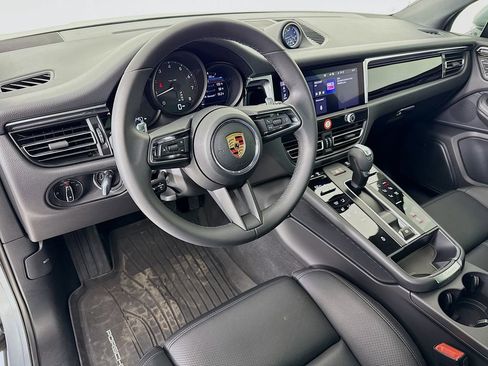 Certified 2025 Porsche Macan image 4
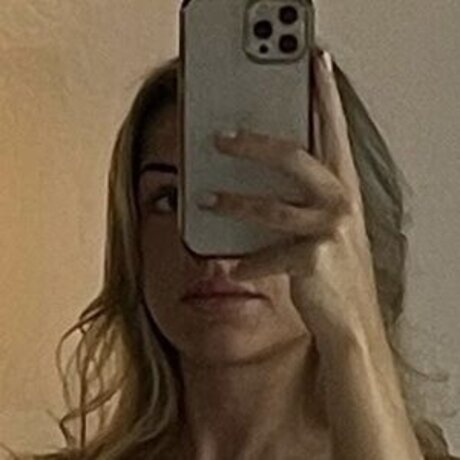 Leonie brrr sexe star image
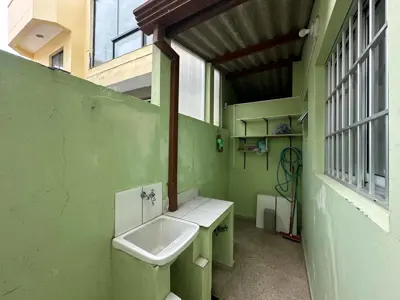 Casa - Sobrado com 2 quartos (sendo 0 suite(s)) a 0,00 metros praia.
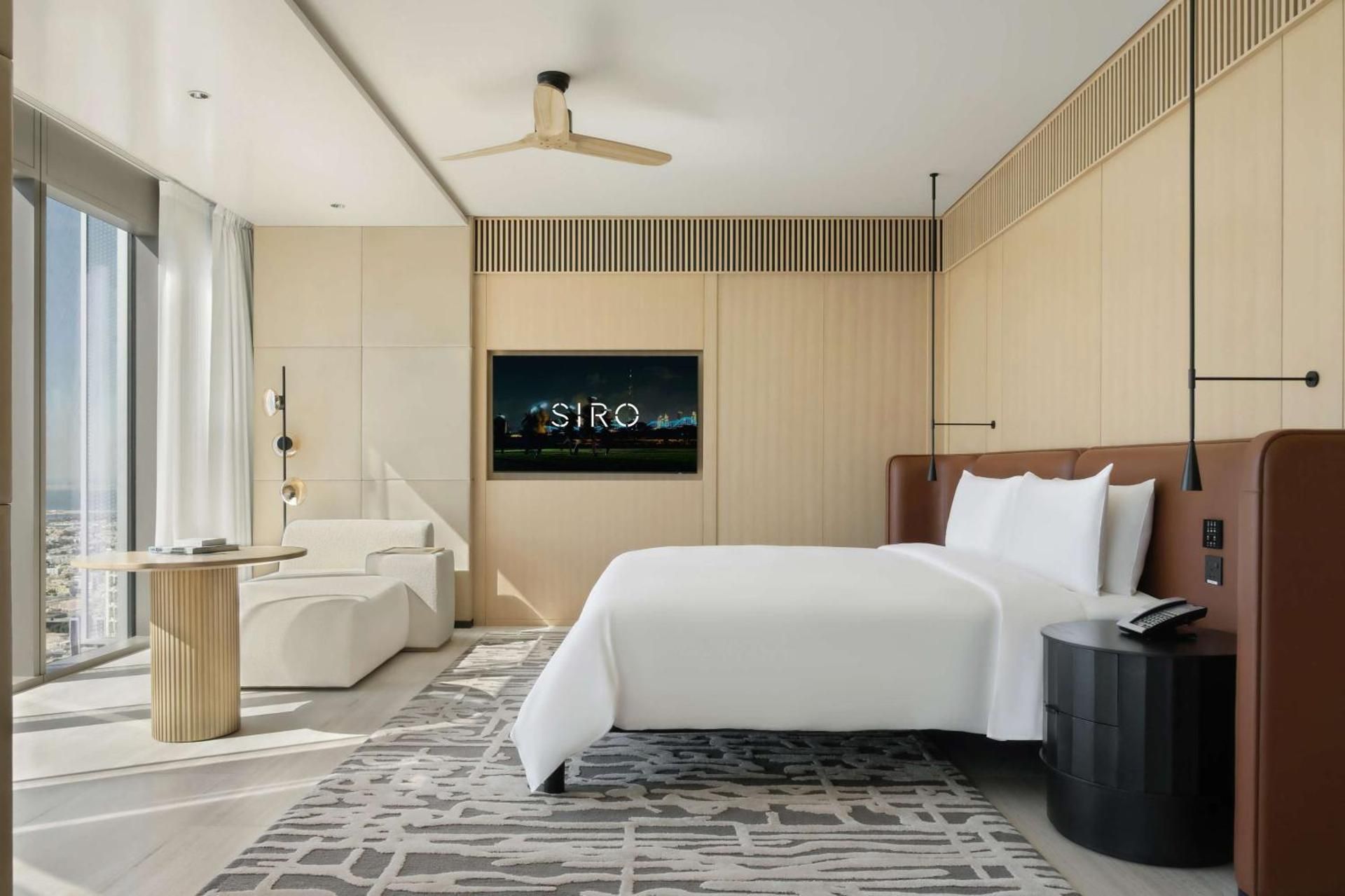 SIRO Recovery Suite - personal training session with recovery massage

##############################

- What is expected -
Retype the material in full, exactly as written, and exclude the pictures.

- Exercise solution -
 Certified 2025 Porsche Macan image 4
 Leonie brrr sexe star image
 Casa - Sobrado com 2 quartos (sendo 0 suite(s)) a 0,00 metros praia.
 SIRO Recovery Suite - personal training session with recovery massage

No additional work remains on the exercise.